#### [Exercise]
Without the pictures, restate all of the data below word for word.

=== Exercise inputs ===

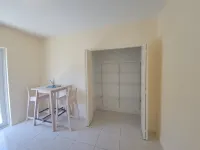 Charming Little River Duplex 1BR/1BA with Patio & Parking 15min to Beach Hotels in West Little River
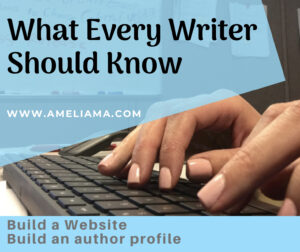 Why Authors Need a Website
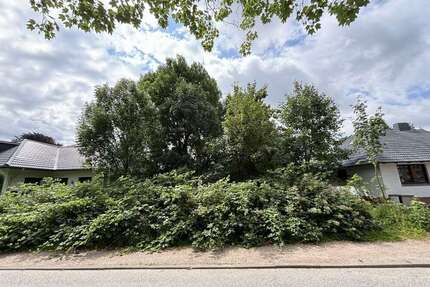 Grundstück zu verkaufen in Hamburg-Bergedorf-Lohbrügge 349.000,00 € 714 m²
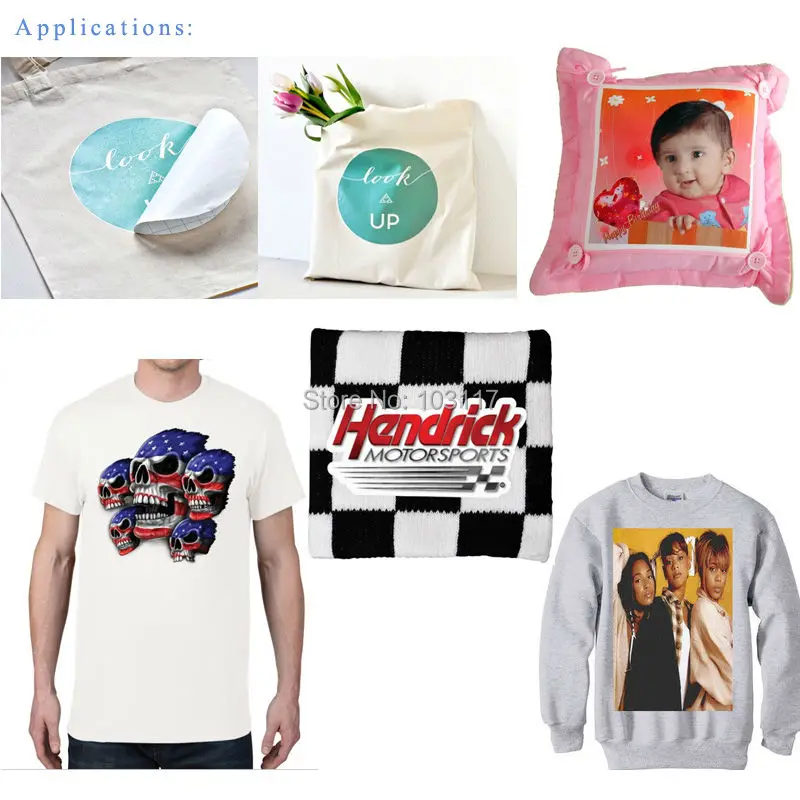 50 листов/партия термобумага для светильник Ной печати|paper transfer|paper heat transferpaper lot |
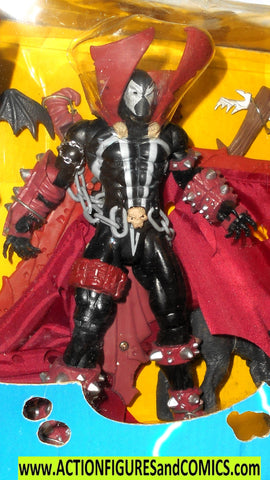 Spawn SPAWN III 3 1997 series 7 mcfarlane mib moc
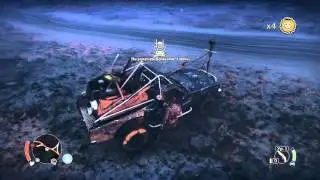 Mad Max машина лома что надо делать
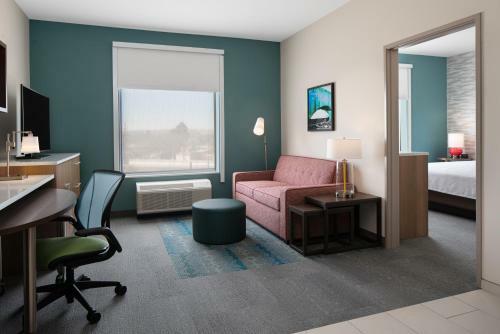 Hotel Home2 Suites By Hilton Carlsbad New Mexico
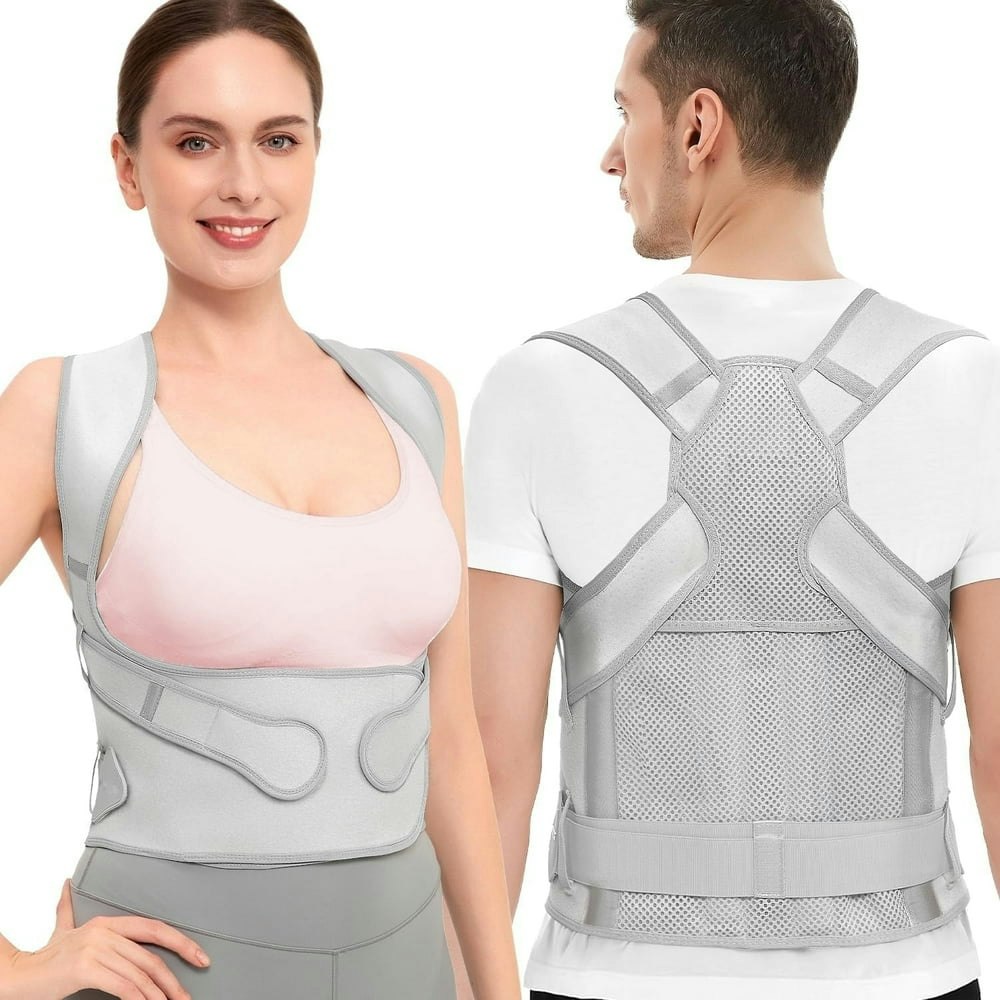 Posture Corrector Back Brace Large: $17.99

===

#### [Answer for this exercise]
 Charming Little River Duplex 1BR/1BA with Patio & Parking 15min to Beach Hotels in West Little River
 Why Authors Need a Website
 Grundstück zu verkaufen in Hamburg-Bergedorf-Lohbrügge 349.000,00 € 714 m²
 50 листов/партия термобумага для светильник Ной печати|paper transfer|paper heat transferpaper lot |
 Spawn SPAWN III 3 1997 series 7 mcfarlane mib moc
 Mad Max машина лома что надо делать
 Hotel Home2 Suites By Hilton Carlsbad New Mexico
 Posture Corrector Back Brace Large: $17.99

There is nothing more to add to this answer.